The Japanese government has dismissed the commentary, saying there is “no doubt” about its sovereignty over the islands. In a Saturday interview on Nippon Television, Japanese Prime Minister Shinzo Abe noted the People’s Daily article but said that “despite all this, we are calling for dialogue. I hope China will understand our desire.”
The issue had come amid ongoing tensions between Tokyo and Beijing over the sovereignty of uninhabited islands in the East China Sea, called Senkaku in Japanese and Diaoyu in Chinese, which sit astride key shipping routes. This long-running territorial dispute was reignited after Japan’s government decided to purchase the islands from private owners in September 2012. China has since repeatedly sent maritime surveillance vessels and aircraft to the waters near the islands, testing Tokyo’s control.
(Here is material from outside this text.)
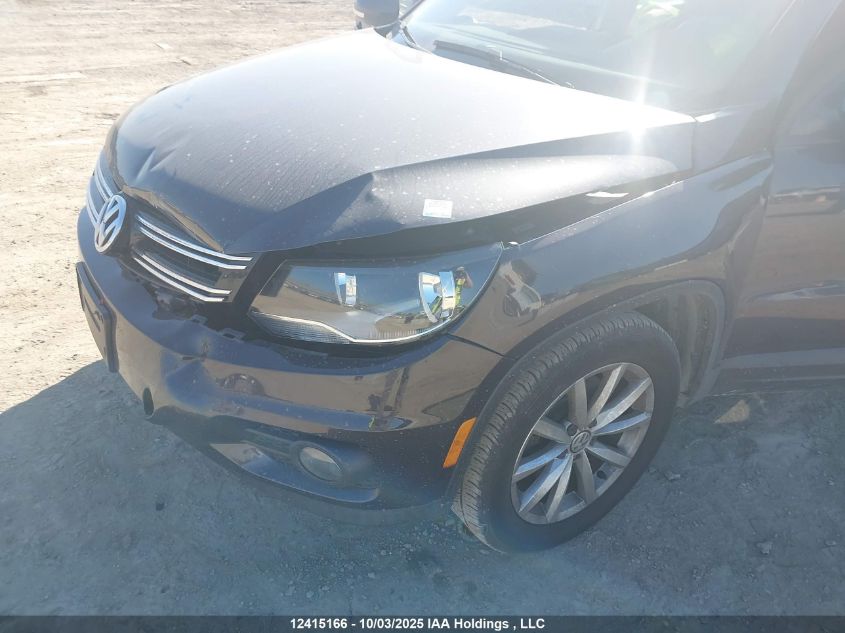 2016 Volkswagen Tiguan Comfortline/Highline/Special Edition VIN: WVGJV7AX6GW545777 Lot: 12415166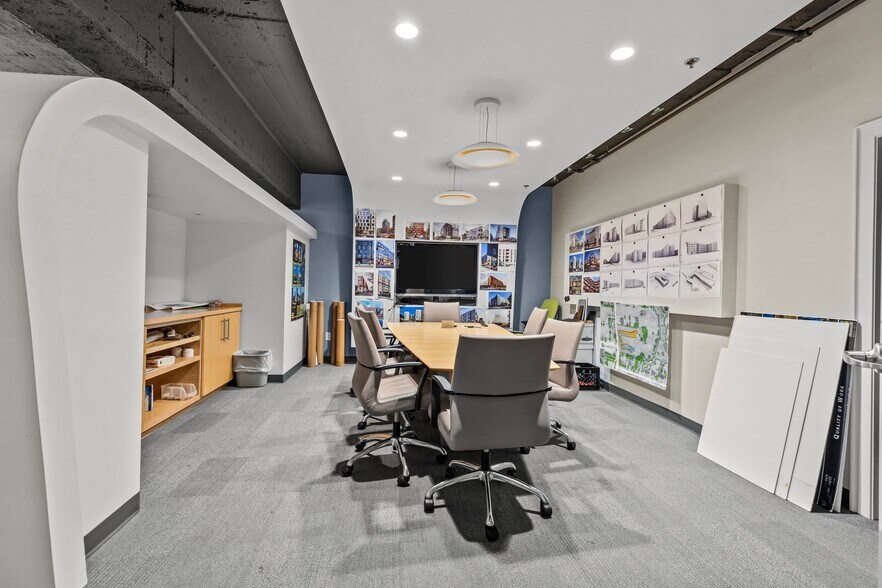 More Photos Of 509 W Spring St, Fayetteville Storefront Retail Office For Lease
The People’s Daily is widely viewed as the most influential of China’s party-backed newspapers, and is seen as a useful gauge of the leadership’s sentiments on many domestic and international issues when read over extended periods of time.
But while Lt. Gen. Qi played down the significance of the People’s Daily commentary, he also stressed that “the issues over the Diaoyu Islands, the Ryukyu Islands and Okinawa are not the same.”
He reiterated his government’s claims over the islands it calls Diaoyu, and defended the deployment of Chinese naval and surveillance vessels to waters in the East China Sea and South China Sea that are claimed by Beijing.
“The patrolling activity by Chinese warships is totally legitimate,” Lt. Gen. Qi said. “It’s not controversial for us to be patrolling within our own territory.”
Okinawa, the largest of the Ryukyu Islands, emerged as a key base of U.S. military operations in the Asia-Pacific region after World War II, and it is a cornerstone of the longstanding U.S.-Japan security alliance. But the U.S. military has long faced local resistance from those who feel the island has shouldered too much of the burden for the U.S. presence in Japan. The U.S. and Japan have recently stressed the island’s defensive role to local residents, citing rising tensions with China and North Korea and the role it has long played in U.S. regional defense strategy.
The islands were an independent kingdom for part of their history and a vassal state of both China and Japan during the 19th century, though Japanese and Chinese historians bicker over the details. They were formally annexed by Japan in the late 19th century.